The S&P 500 took its worst drubbing in two months to start the trading week Monday. Among the reasons proffered for the sell-off was a delayed reaction to Friday's dismal jobs report, a downgrade of U.S. equities by Goldman Sachs and comments from the Federal Reserve's Jeffery Lacker in support of the central bank's tapering efforts.
It is only two weeks into the new year, but it looks like it will be a much different year for investors than it was in 2013. Last year's approximately 30% gain in equities was driven mainly by multiple expansion as overall earnings only showed gains of around 5% year over year. The market was significantly driven by sectors or stocks that had shining future prospects rather than current earnings, such as the small-cap biotech space and story stocks like Tesla Motors (TSLA).
I believe the market will be more volatile early in the year until investors get confirmation that the economy is indeed accelerating, the taper commences without undue impact to the markets or interest rates, and we get through earnings season without too many mishaps.
That being said, investors should not count on the same kind of multiple expansion, if any, in 2014. Equities are more likely to be driven by earnings growth, which means investors should roll out a new game plan this year. Heavily weighting equities with solid earnings prospects, lower volatility and reasonable valuations seems like a logical play.
Two equities meet these criteria and should outperform the market in 2014.
I continue to believe that Apple (AAPL) is one of the most undervalued large-cap stocks in the market. Although the stock had a roller coaster of a year, the shares ended 2013 pretty much where they started.
This should change in 2014. When Apple reports quarterly earnings later this month, it should deliver the first year-over-year earnings growth in more than a year. Margins should stabilize. In addition, its distribution deal with NTT DoCoMo (DCM) and its 60 million subscribers should deliver revenue growth and market share gains in Japan starting this quarter. Next quarter, the deal with China Mobile (CHL) should be a positive catalyst for growth in the Middle Kingdom.
Apple is just plain cheap at these levels. Even without its more than $140 billion hoard of net cash and marketable securities, the shares sell for 8x forward earnings. This is just about half the overall market multiple. The stock also has a 2.3% yield, is returning $8 billion to $10 billion per quarter to shareholders via dividends and stock repurchases, and revenue should grow in the 7% to 9% range in 2014.
After pulling back some 15% over the past couple of months on falling oil prices, Continental Resources (CLR) is offering an attractive entry point. Continental is the largest leaseholder in the Bakken Shale and it has seen production grow about 45% annually over the past three years. Growth should slow, but the company still should be able to deliver robust 20% annual production increases in the years ahead.
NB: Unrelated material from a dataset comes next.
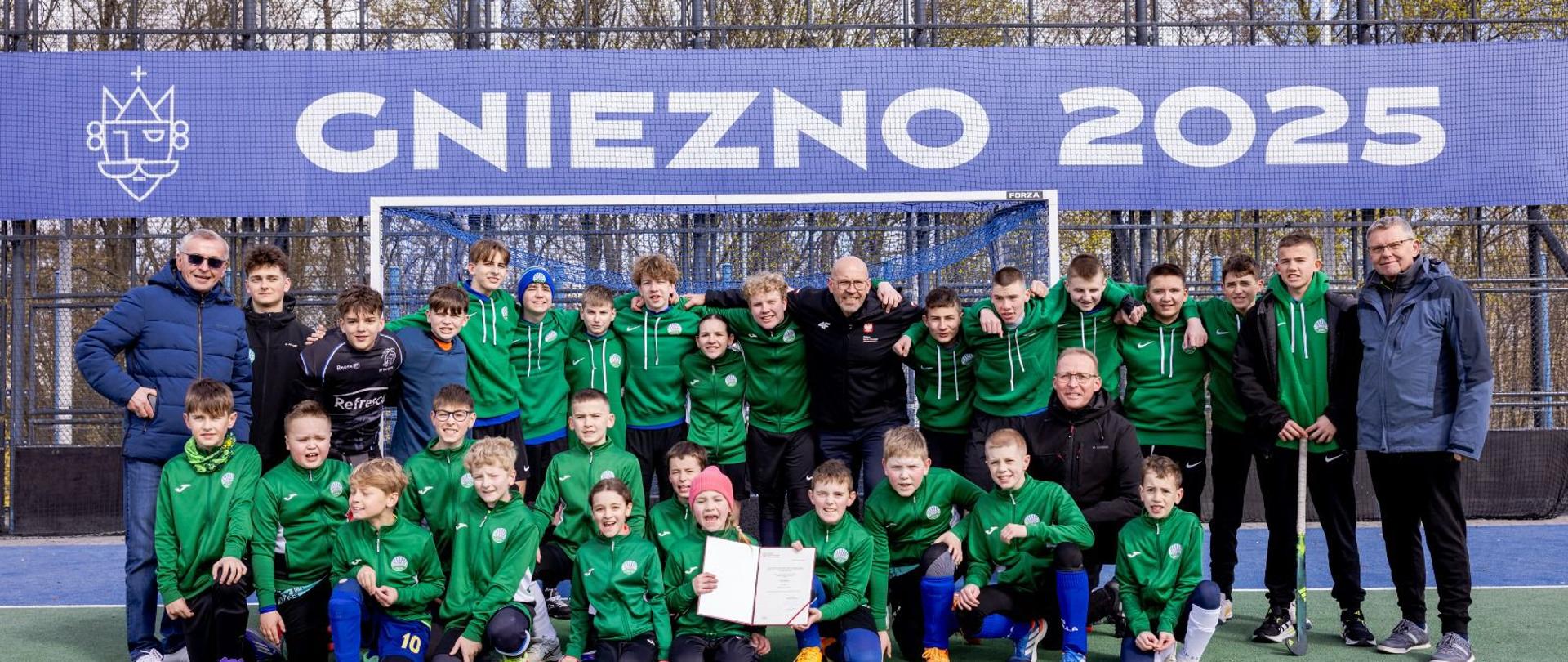 Minister Jakub Rutnicki na boisku do hokeja na trawie w Gnieźnie. Minister stoi z zawodnikami w zielonych bluzach na tle bramki i siatki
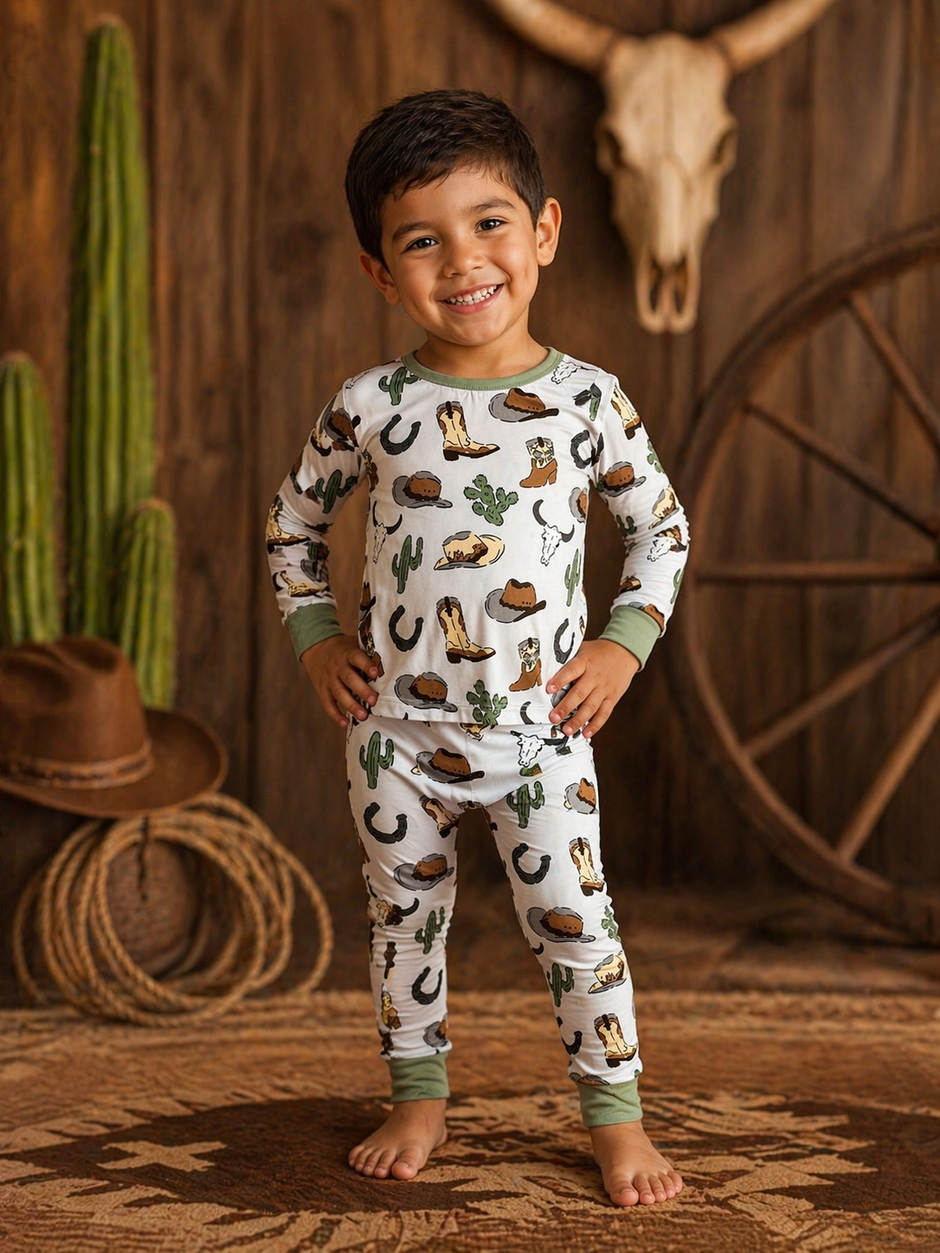Smiling child in patterned pajamas with cowboy motifs, standing on a rustic backdrop with cacti and decor.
Given those growth prospects, the stock is providing an attractive valuation of around 14.5X forward earnings. The company has a consistent history of beating bottom-line estimates and is priced at 8x operating cash flow. It was just named as one of Barclays' top two picks in the large-cap energy space, and the stocks sells more than 25% below the mean price target held by the 28 analysts that cover the shares.
Neither of these large-cap selections is going to quadruple like Netflix (NFLX) did in 2013; however, they should deliver solid earnings growth, sport attractive valuations and outperform the market in a more challenging 2014 environment.